M5S nazionale e Buccinasco, affinità e discrasie

Le elezioni locali sono un’occasione per analisi e confronti. Tutti abbiamo bisogno di crescere, quando  ci si deve confrontare su un progetto di comunità. Il discorso nel caso dei cosiddetti “grillini” (termine che non ci piace perché ha un sapore sminuente) riguarda ciò che a noi sembra un eccesso di  affinità fra le scelte nazionali e locali. Comprensibile una ricerca di identità per una forza politica nuova, che ancora non ha cinque anni.

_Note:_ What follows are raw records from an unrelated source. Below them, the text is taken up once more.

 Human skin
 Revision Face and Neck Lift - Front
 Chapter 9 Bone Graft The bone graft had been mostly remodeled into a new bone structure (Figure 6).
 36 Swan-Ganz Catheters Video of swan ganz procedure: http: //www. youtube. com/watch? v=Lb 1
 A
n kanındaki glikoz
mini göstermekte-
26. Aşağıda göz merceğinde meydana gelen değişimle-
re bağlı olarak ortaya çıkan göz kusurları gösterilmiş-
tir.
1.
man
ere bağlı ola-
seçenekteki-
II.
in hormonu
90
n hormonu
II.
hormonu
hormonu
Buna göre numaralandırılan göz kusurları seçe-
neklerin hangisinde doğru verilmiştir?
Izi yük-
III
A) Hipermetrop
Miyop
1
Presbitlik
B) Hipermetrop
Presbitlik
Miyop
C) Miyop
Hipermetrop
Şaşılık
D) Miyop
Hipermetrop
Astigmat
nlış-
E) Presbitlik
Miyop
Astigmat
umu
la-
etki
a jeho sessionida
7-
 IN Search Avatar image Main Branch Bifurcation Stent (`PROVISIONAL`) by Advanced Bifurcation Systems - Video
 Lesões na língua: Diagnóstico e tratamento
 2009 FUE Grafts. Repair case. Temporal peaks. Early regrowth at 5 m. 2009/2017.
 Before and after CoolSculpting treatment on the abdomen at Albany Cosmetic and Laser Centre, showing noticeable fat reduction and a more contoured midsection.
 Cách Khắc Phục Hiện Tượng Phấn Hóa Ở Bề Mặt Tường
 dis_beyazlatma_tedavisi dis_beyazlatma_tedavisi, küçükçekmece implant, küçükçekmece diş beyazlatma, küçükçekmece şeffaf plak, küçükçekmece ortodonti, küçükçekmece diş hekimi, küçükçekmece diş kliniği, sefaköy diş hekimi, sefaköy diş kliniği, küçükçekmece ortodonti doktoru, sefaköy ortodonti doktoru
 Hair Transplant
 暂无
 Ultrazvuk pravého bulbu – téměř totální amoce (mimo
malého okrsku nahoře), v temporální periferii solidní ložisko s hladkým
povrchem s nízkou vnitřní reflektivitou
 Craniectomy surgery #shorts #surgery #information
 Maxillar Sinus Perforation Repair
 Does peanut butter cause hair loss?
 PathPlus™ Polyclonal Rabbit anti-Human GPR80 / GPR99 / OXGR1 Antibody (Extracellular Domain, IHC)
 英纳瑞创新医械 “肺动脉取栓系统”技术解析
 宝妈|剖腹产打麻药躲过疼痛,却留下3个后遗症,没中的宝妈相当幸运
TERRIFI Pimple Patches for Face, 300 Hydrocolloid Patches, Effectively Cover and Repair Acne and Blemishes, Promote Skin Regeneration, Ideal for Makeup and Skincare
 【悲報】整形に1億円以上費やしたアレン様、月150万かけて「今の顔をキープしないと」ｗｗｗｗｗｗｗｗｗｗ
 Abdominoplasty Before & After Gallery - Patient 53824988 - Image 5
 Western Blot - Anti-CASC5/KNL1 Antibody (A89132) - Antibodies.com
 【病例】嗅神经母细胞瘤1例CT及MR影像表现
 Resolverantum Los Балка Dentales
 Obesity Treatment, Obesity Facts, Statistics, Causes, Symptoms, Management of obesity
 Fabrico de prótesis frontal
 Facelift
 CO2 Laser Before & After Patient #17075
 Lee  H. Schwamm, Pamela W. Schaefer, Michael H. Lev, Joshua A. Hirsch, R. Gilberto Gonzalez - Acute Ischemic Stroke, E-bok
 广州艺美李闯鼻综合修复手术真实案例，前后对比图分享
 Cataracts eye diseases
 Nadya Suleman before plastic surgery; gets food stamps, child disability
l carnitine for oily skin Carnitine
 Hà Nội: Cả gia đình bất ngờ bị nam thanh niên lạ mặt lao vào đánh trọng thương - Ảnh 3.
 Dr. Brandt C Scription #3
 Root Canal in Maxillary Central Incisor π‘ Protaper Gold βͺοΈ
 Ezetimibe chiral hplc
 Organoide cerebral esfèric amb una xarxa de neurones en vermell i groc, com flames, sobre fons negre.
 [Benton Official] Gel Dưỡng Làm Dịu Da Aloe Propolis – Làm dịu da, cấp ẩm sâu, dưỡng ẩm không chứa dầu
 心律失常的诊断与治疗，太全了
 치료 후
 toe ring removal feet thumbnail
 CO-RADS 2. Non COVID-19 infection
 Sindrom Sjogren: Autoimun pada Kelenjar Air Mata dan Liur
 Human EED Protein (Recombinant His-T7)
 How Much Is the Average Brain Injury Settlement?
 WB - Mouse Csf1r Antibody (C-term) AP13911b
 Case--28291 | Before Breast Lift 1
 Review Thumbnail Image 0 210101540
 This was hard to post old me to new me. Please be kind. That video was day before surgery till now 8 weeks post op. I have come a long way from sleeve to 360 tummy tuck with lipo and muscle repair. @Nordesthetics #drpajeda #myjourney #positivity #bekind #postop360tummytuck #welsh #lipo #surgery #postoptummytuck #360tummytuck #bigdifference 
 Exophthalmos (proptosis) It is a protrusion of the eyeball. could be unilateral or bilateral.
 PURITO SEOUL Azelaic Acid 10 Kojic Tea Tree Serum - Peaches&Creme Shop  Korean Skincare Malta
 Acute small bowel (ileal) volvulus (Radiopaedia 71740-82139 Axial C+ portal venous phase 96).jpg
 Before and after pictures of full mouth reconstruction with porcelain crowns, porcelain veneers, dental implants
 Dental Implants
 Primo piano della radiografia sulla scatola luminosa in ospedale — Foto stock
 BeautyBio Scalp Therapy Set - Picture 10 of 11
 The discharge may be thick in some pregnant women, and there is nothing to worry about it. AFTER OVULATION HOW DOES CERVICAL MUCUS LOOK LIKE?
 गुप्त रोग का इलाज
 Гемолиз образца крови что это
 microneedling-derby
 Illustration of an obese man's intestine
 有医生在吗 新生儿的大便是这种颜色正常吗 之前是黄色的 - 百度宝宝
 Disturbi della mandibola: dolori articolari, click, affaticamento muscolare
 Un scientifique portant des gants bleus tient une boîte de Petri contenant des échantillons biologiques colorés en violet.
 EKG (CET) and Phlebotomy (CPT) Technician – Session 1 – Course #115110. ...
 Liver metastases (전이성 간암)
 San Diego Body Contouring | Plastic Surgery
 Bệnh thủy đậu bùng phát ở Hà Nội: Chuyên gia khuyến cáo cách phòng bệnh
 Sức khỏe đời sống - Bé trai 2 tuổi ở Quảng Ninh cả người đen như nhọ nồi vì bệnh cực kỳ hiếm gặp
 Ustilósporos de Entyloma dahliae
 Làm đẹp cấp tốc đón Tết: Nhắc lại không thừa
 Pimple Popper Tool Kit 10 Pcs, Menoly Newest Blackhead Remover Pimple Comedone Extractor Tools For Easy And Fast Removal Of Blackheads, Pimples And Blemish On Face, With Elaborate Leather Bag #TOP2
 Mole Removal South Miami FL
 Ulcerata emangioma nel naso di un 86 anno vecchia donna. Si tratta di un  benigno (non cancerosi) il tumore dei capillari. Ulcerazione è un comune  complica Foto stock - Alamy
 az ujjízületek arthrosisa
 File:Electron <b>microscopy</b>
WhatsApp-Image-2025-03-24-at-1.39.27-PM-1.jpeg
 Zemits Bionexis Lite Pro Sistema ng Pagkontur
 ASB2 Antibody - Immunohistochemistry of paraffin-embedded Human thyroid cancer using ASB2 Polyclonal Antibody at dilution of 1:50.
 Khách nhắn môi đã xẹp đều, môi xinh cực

L’uniformità in questa fase, nelle intenzioni,  vorrebbe lasciare un senso di robustezza. Tuttavia porta con sé un senso di dirigismo, del tipo che ben abbiamo conosciuto nel dopoguerra, allora chiamato “centralismo democratico”. Di democratico ha avuto ben poco: la linea la dava il “migliore”, Palmiro Togliatti. Se da li ti discostavi, attentavi la forza del partito e venivi tranquillamente emarginato. Spesso anche con processi mediatici e accuse di personalismo, spirito borghese che rifiuta l’identità con il Partito (chiaramente tutt’uno con il “migliore”).